Beyond Identity Passwordless MFA
- Eliminates passwords so they can’t be used as a backup or leaked.
- Replaces weak factors (like OTPs) with “something you have” (a computer, phone, or tablet) and “something you are” (biometrics) as second factors.
- Establishes device possession using the biometric protection of the endpoints.
- Completes the login without requiring any out-of-band communication, eliminating SIM swaps, phishing, and man-in-the-middle attacks.
Besides providing the strongest and easiest-to-use authentication solution on the market, Beyond Identity enables continuous risk-based authentication decisions. In addition to validating the user and their device, it can also analyze the device’s security posture and enforce access policies during each login. It can enforce policies on a range of factors such as, but not limited to:
- The firewall is on
- The operating system is running the latest version
- The device has a secure enclave
- The hard drive is encrypted
- MDM and EDR are installed and working
- The device is in a safe geolocation
Security best practices have long recommended adding more layers for increased protection, but what good is that approach if it requires passwords at the foundation? Although MFA is the next best thing to passwordless authentication, it’s simply not good enough.

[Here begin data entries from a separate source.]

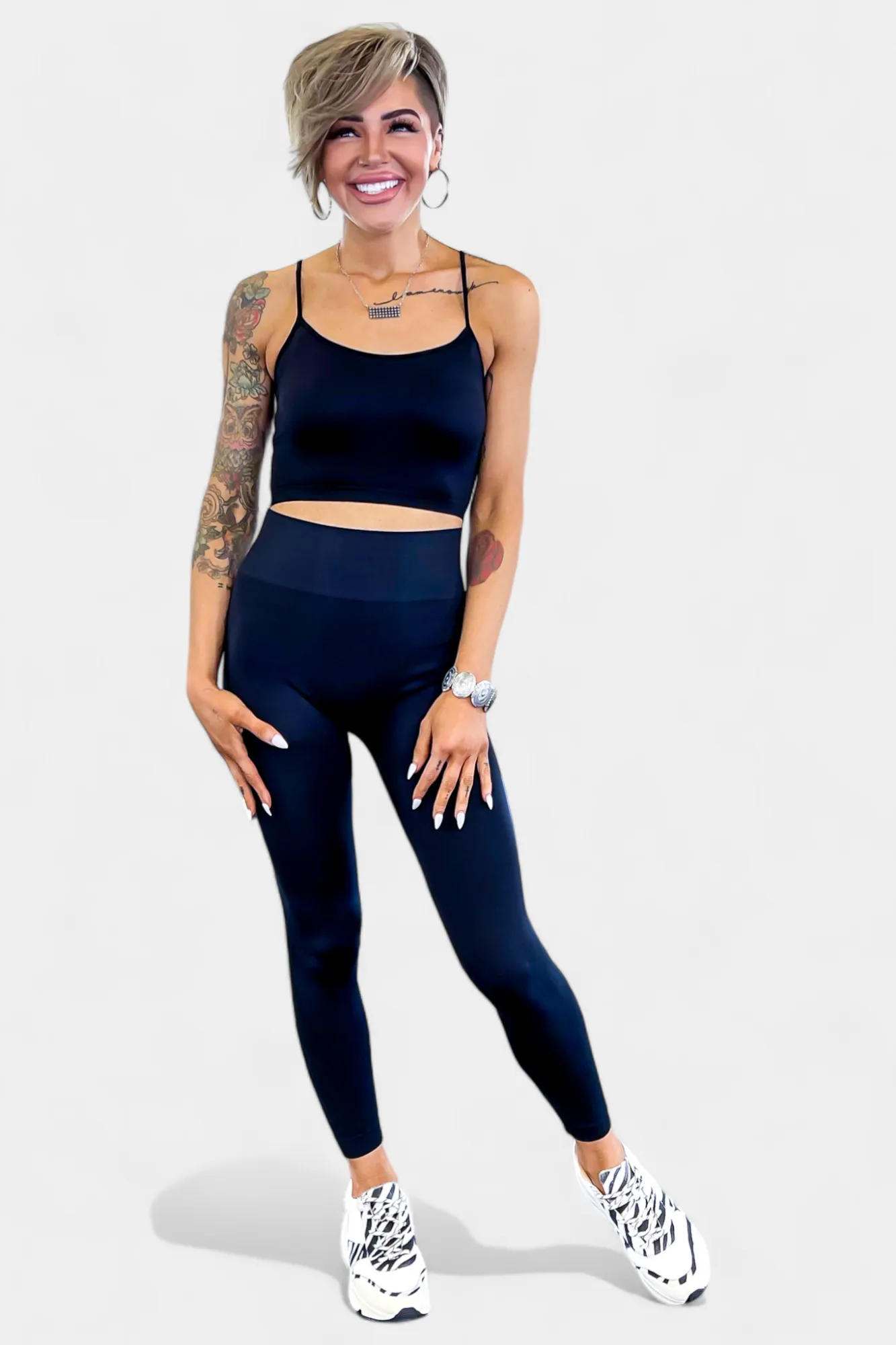 Black Seamless Crop Cami Tank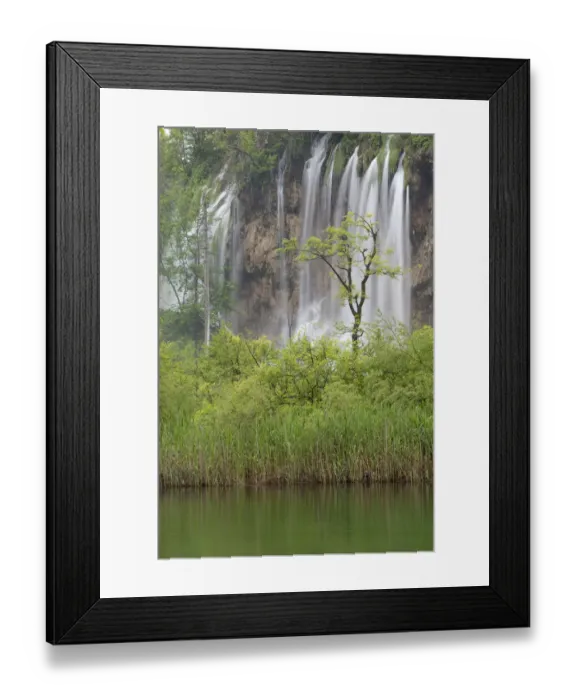 Framed Print : Galovac buk waterfall, Plitvice Lakes National Park, UNESCO World Heritage Site, Croatia, Europe Framed Print : Galovac buk waterfall, Plitvice Lakes National Park, UNESCO World Heritage Site, Croatia, Europe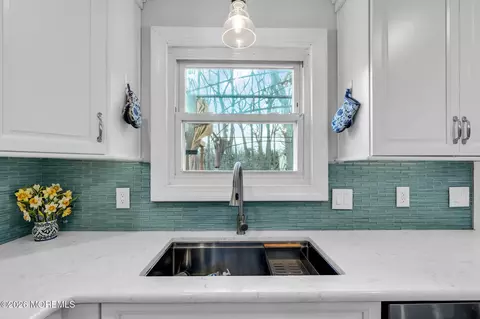 Kitchen - 13 Dunbarton Rd, Jackson, NJ 08527 photo 4 of 5
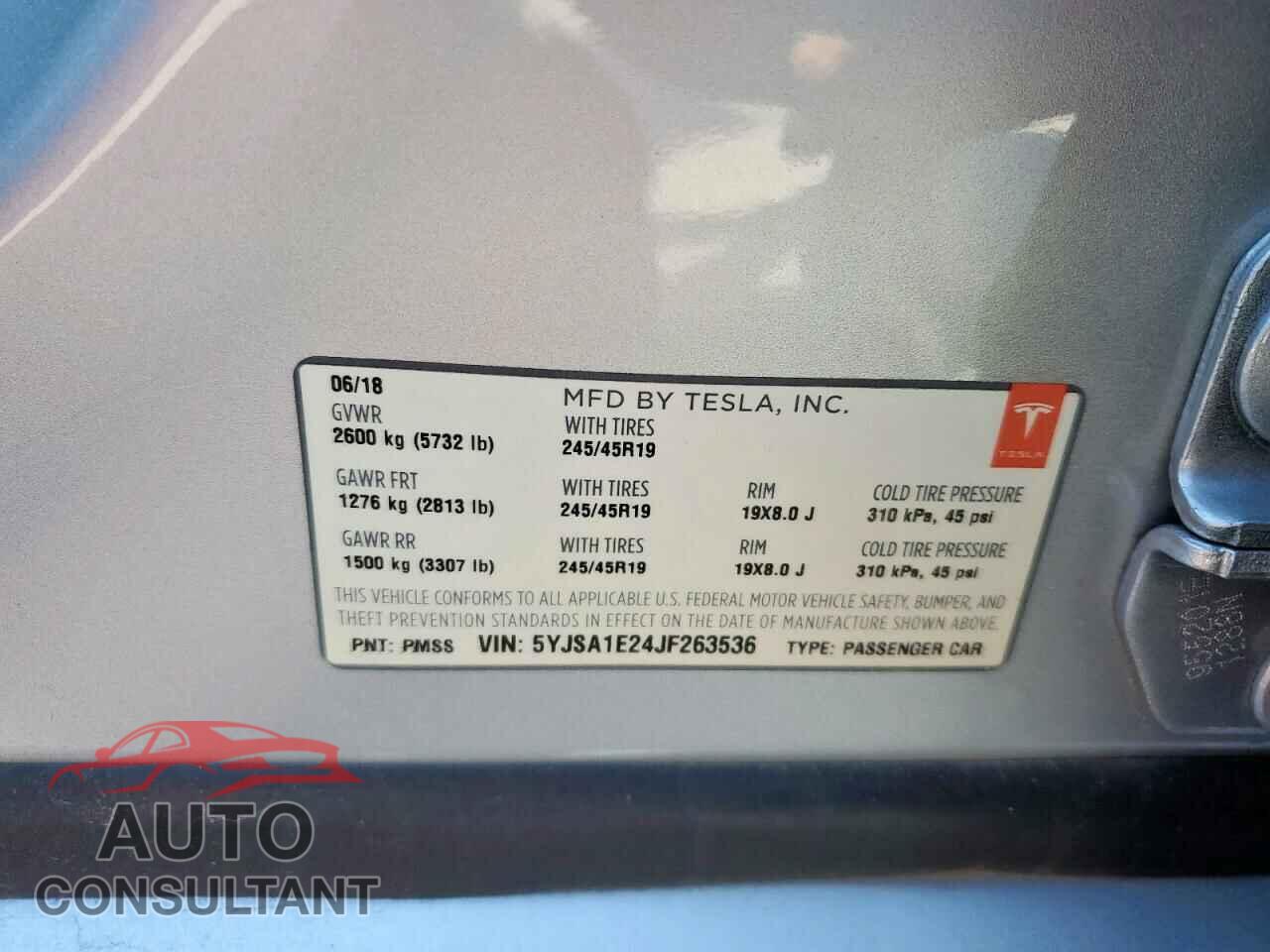 TESLA MODEL S 2018 - 5YJSA1E24JF263536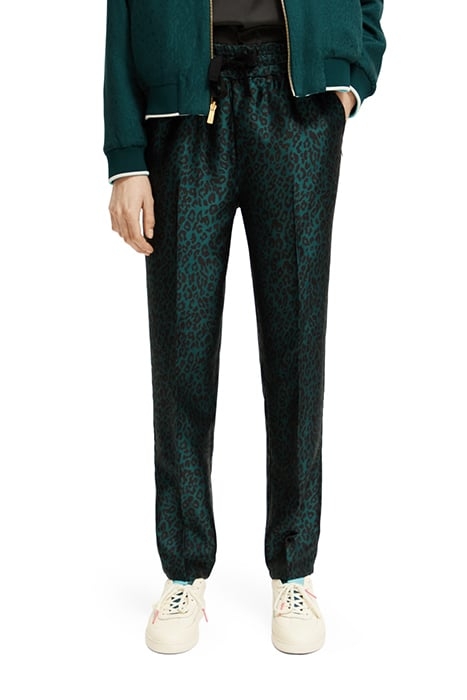 MAIA - MID RISE TAPERED LEG LEOPARD JACQUARD JOGGER CREATURE 1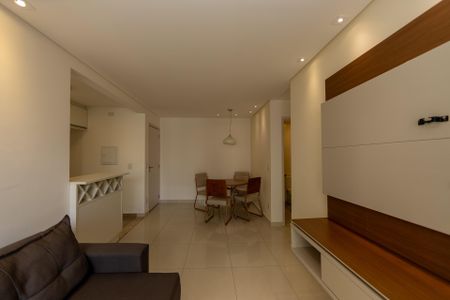 Sala de apartamento para alugar com 2 quartos, 68m² em Jardim Tupanci, Barueri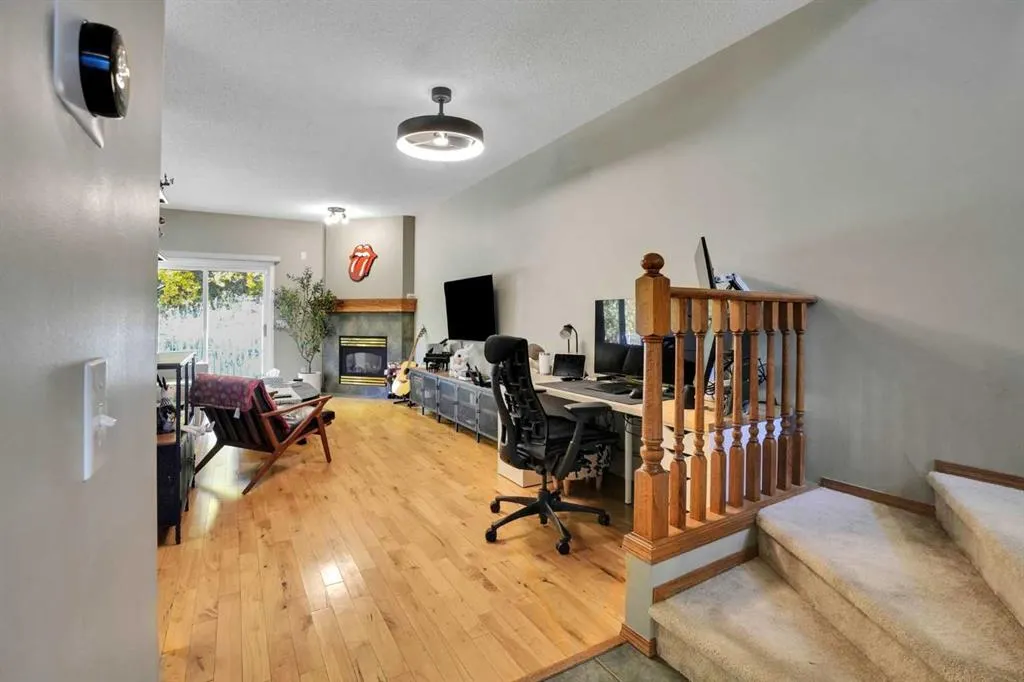 145 Hamptons Link NW
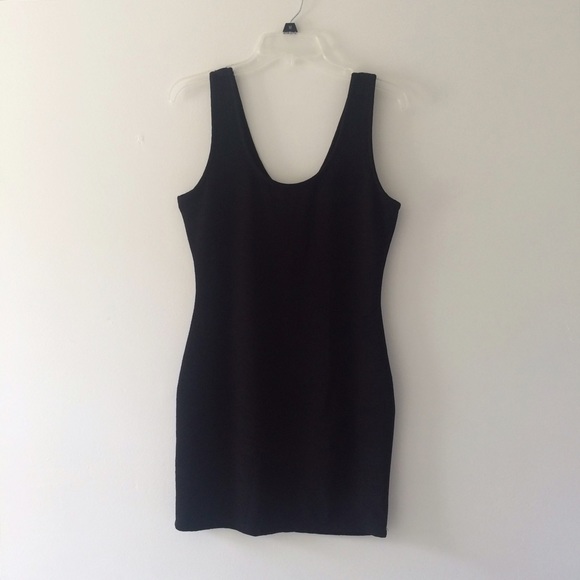 Black bodycon dress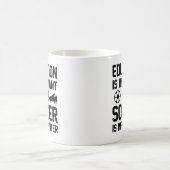 教育は重要だがサッカーは重要だ コーヒーマグカップ (中央)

Traditional MFA secures the primary factor (the completely compromised password) with additional factors that are sometimes, but not always, more shared secrets.
The only way to secure access is to remove the password once and for all, thereby eliminating the entire threat vector of password-based attacks. Decoupling passwords from authentication creates a more frictionless login, better security, and easier access to all resources.